À l’intérieur, un groupe de personnes parlent entre elles, verre de vin buvable à la main. L’espace d’exposition est simple, presque dépouillé. Au milieu de la pièce baignée dans une lumière industrielle froide, il y a une structure, une sorte de tipi en tissus sombres. Le tout rappelle des tentes construites à partir de couvertures que l’imaginaire enfantin transforme en château fort. Et devant la tente, un banc rouge invite le spectateur à découvrir une expérience immersive de Sina Seifee. Asso s’assied, suivie de Malfa. Émerveillées, elles se penchent toutes les deux pour voir ce qu’il se passe. L’installation modifie leur postures, pousse à la contorsion du corps.

Malfa : L'œuvre nous oblige à nous incliner, comme si on s’agenouillait devant un enfant.
Asso : Oui et il faut tendre l’oreille.
Le son de l’installation se perd dans le bruit ambiant. Elles ont beau tendre l’oreille, elles n’entendent presque rien. Cependant, si elles sont privées du son, elles sont nourries visuellement. Une ouverture dans la tente laisse entrevoir un spectacle secret. C’est un tour de passe-passe très simple mais efficace : une vidéo joue sur une tablette, et à l’aide d’une plaque en verre posée à un angle précis, les images sont projetées contre le tissu de la tente par jeu de reflet. On dirait un hologramme.
Malfa : J’adore la texture qu’apporte le tissu. Il y a quelque chose de réconfortant dans la sensualité de la matière, quelque chose de concret.
Asso : Oui, et avec la bougie projetée dessus, ça fait vraiment penser à l’histoire racontée avant d’aller dormir.
Malfa : Il y a un réel éclectisme dans les visuels. Les images de synthèse me rappellent un peu les vidéos de Guerreiro do Divino Amor que j’ai vu au pavillon suisse de la dernière biennale de Venise, mais c’est beaucoup moins camp. C’est très sincère.

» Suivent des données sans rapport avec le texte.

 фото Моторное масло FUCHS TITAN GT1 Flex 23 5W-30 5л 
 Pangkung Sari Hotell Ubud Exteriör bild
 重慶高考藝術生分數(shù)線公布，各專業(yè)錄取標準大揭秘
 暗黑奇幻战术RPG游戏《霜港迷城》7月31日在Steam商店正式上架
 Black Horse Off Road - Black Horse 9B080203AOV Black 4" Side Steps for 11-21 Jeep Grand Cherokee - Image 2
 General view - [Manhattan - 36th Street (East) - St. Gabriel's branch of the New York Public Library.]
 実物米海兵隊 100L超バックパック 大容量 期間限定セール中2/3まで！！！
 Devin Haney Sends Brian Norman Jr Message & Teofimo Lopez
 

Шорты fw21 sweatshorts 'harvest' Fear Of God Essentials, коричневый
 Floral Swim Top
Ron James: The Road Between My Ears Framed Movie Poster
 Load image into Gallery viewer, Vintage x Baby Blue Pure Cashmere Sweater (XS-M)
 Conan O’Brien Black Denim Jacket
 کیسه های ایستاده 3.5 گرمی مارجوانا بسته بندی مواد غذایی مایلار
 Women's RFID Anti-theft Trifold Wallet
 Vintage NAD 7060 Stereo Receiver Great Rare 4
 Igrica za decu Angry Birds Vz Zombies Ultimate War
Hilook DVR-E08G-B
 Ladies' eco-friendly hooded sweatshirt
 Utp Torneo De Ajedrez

Asso : Oui, et d’ailleurs, il y aussi par moment un style très médiéval avec le bestiaire, l'imaginaire du Moyen Âge revient en force ces dernières années. Mais ici, comme tu dis, c’est sincère. On sent vraiment que ça appartient à l’univers propre de l’artiste. Avec toutes ces images, on dirait qu’il nous donne ses références, et c’est à nous de construire l’histoire.
Malfa : Oui, il crée sa propre iconographie. Il nous sert ses signes, et c’est à nous de les orienter. Tous ces schémas et graphiques qui se suivent… Tiens, c’est pas le diagramme d’une Camera Obscura1 ?
Asso : Je pense que oui. En fait, nous-mêmes, on se retrouve dans un système similaire, une chambre obscure qui modifie notre regard.

Asso : Tiens, notre reflet sur la vitre. On dirait le même mécanisme que celui de l’installation.
Malfa se tait. C’est rare qu’elle n’ait rien à dire. Parfois, elle a l’impression que l’art est un problème à régler, une bataille, et qu’elle gagnera tant qu’elle aura quelque chose à dire dessus. Elle regarde leurs reflets dans la vitrine, et à travers eux, dehors, le public qui rit, qui papote.
Malfa : Tu sais, au final, c’est ça le but de l’art, aiguiser notre regard. Augmenter notre sensibilité au réel.